Eine der häufigsten Ursachen für Sehnenrisse in der Schulter sind Unfälle. Durch ruckartige Bewegungen oder schwere Krafteinwirkungen können Sehnen reißen. In vielen Fällen sind die Sehnen bereits durch vorherige Belastungen vorgeschädigt, weshalb ein Zusammenspiel mehrerer Ursachen vorliegt. Die wichtigsten Unfällhergänge, bei denen es zu Sehnenrissen der Schulter kommt, sind Stürze auf den ausgestreckten Arm sowie plötzliche Krafteinwirkungen auf die gebeugten Unterarme. Auch plötzliches Festhalten bei einem Sturz oder ruckartige direkte Einflüsse auf den Oberarm können zu Rissen der Sehnen führen. Dabei sind vor allem Sehnen der Rotatorenmanschette und des Bizepsmuskels im Oberarm betroffen.
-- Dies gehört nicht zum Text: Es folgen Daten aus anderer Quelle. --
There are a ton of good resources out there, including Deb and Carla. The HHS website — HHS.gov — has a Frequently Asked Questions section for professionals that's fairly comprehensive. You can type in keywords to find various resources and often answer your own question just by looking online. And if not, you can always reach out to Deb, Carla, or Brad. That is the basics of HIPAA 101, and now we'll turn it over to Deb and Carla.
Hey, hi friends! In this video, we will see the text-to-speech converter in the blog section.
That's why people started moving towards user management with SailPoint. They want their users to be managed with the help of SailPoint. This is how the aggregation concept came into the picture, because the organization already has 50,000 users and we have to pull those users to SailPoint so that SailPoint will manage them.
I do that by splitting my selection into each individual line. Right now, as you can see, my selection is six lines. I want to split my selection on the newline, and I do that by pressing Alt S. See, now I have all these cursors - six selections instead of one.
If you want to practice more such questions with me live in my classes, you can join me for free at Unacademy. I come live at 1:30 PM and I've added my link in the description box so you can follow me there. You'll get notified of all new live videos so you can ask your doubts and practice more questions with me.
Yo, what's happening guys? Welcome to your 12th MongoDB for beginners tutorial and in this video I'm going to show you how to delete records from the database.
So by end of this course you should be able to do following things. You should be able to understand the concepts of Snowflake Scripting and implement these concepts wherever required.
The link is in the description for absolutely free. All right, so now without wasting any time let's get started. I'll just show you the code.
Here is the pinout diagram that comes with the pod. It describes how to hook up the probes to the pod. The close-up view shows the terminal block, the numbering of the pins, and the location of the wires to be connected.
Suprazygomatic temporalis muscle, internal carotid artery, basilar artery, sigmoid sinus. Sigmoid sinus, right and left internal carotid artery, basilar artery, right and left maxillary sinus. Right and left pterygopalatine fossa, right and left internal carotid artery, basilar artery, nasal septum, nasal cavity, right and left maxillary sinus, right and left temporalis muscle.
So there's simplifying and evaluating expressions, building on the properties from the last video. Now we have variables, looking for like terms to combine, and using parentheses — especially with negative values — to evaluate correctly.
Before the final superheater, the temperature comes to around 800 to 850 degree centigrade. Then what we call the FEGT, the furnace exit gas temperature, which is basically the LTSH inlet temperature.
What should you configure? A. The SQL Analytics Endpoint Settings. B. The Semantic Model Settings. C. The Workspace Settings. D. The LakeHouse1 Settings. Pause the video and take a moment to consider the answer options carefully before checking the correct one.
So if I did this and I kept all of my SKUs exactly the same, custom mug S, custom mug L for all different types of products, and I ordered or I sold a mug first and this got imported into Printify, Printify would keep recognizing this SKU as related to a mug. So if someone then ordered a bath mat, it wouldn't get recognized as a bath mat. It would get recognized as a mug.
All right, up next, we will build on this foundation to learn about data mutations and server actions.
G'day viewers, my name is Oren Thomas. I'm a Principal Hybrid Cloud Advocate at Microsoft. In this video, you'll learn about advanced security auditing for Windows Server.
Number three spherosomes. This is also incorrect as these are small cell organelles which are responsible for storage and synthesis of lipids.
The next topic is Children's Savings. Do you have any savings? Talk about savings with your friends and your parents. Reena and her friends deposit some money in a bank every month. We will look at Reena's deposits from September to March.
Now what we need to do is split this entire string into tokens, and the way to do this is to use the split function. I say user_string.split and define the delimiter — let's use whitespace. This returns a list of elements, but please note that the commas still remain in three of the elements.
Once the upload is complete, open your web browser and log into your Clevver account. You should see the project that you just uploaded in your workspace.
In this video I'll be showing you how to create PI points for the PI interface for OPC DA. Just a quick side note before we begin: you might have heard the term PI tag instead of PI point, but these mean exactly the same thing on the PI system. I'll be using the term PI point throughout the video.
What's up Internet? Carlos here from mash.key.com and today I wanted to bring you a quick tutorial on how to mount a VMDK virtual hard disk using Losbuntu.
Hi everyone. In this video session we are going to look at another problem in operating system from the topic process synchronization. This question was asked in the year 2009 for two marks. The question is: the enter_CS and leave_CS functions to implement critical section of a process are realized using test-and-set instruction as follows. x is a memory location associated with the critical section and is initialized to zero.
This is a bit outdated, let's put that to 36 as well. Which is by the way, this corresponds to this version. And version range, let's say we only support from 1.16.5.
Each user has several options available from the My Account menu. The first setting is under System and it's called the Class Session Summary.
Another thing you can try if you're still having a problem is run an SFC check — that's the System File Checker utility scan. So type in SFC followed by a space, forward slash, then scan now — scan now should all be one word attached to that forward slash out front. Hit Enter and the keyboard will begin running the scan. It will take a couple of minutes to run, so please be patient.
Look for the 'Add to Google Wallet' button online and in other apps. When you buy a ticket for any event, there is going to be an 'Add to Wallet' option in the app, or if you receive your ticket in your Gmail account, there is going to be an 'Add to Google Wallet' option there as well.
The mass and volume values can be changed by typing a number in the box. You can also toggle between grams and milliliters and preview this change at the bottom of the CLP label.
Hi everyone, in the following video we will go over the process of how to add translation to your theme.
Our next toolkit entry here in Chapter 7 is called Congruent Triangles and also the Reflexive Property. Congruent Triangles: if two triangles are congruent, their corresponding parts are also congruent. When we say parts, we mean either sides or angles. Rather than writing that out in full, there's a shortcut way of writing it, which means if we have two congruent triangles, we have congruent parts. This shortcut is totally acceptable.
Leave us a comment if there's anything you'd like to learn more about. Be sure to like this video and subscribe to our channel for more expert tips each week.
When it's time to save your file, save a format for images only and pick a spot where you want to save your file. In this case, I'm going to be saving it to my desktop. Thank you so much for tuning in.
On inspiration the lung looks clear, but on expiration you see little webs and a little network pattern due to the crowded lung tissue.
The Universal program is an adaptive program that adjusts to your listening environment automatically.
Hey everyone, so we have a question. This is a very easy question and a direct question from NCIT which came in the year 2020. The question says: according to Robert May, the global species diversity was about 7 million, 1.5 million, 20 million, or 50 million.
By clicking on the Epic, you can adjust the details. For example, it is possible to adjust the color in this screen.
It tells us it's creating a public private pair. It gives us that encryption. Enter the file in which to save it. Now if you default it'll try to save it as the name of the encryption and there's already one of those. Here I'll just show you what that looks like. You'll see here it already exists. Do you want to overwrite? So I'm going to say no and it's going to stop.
Mehr Informationen zum Thema Bizepssehnenriss und welche Übungen bei der Heilung helfen finden Sie hier: Bizepssehnenriss und Krankengymnastik beim Bizepssehnenriss

Degenerativer Riss

Weitere häufige Ursachen für Sehnenrisse in der Schulter sind degenerative Veränderungen der Sehnen. Dies bedeutet, dass bereits über einen längeren Zeitraum Verschleißerscheinungen an den Sehnen entstanden sind. Sehr typisch sind Verschleißerscheinungen von Teilen der Rotatorenmanschettenmuskulatur durch die räumliche Enge im Schultergelenk. Durch das Schulterdach, das sogenannte „Akromion“, ist der Raum im Schultergelenk stark eingeschränkt. Durch knöcherne Anbauten, Kalkeinlagerungen und permanentes Reiben bei Bewegungen in der Schulter können sich die Sehnen über Jahre hinweg abnutzen und plötzlich durch kleinere Belastungen reißen. Hinzu kommt eine verminderte Durchblutung der Sehnen unterhalb des Schulterdaches, was sie anfälliger und verletzlicher werden lässt.

Entzündlich-rheumatischer Riss

In selteneren Fällen kann auch eine entzündlich-rheumatische Ursache hinter dem Sehnenriss in der Schulter stecken. Rheumatische Erkrankungen können sich in Gelenken niederschlagen und hier zu Entzündungen führen. Die Entzündungen können die Knorpel, den Schleimbeutel, die Gelenkschleimhäute, sowie Sehnen und Muskeln betreffen. Dadurch kommt es zu Entzündung der Sehnen  mit Schwellung, die aufweichen und instabil werden. Auch hier kommt es oftmals nach langer Vorschädigung durch ein sogenanntes „nicht-adäquates Trauma“ zu einem Abriss der Sehne. Das bedeutet, dass die Sehne plötzlich reißt, obwohl die Krafteinwirkung nur gering war.

Symptome

Das Hauptsymptom eines Sehnenrisses in der Schulter sind Schmerzen. Die Schmerzen können sich unterschiedlich stark gestalten und teilweise mit erheblichen Einschränkungen im alltäglichen Leben einhergehen. Sie können in Ruhe und bei Bewegung auftreten und auch nachts erhebliche Beschwerden hervorrufen. Schon alltägliche Tätigkeiten wie das Anziehen und das Greifen und Heben von Gegenständen können erheblich eingeschränkt sein.
Abhängig von der genauen Lokalisation des Sehnenrisses können Bewegungseinschränkungen hinzukommen. Durch den vollständigen Riss der Sehne kommt es zwangsläufig zu einer vollständigen Einschränkung des zugehörigen Muskels. Lediglich der Bizepsmuskel besitzt mehrere Sehnen und besitzt auch nach einem Sehnenriss noch den Großteil seiner Funktionen. Akut kann es durch den Verletzungsvorgang zu Blutungen, Überwärmungen und Schwellungen der Schulter kommen. Dabei kann es sich um Sehnenentzündungen oder Blutergüsse durch den Unfallhergang handeln.

Nächtliche Schmerzen

Nächtliche Schmerzen stellen für die Betroffenen eine besondere Qual dar. Der Schmerz kann in der Nacht permanent auftreten und durch Druck von außen oder Bewegungen der Arme ausgelöst werden. Insbesondere in der Seitenlage sind Betroffene oft schmerzgeplagt. Die Schmerzen führen oftmals zu einer erheblich eingeschränkten Erholung in der Nacht und verdeutlichen den schweren Leidensdruck, den Schulterpatienten oftmals haben.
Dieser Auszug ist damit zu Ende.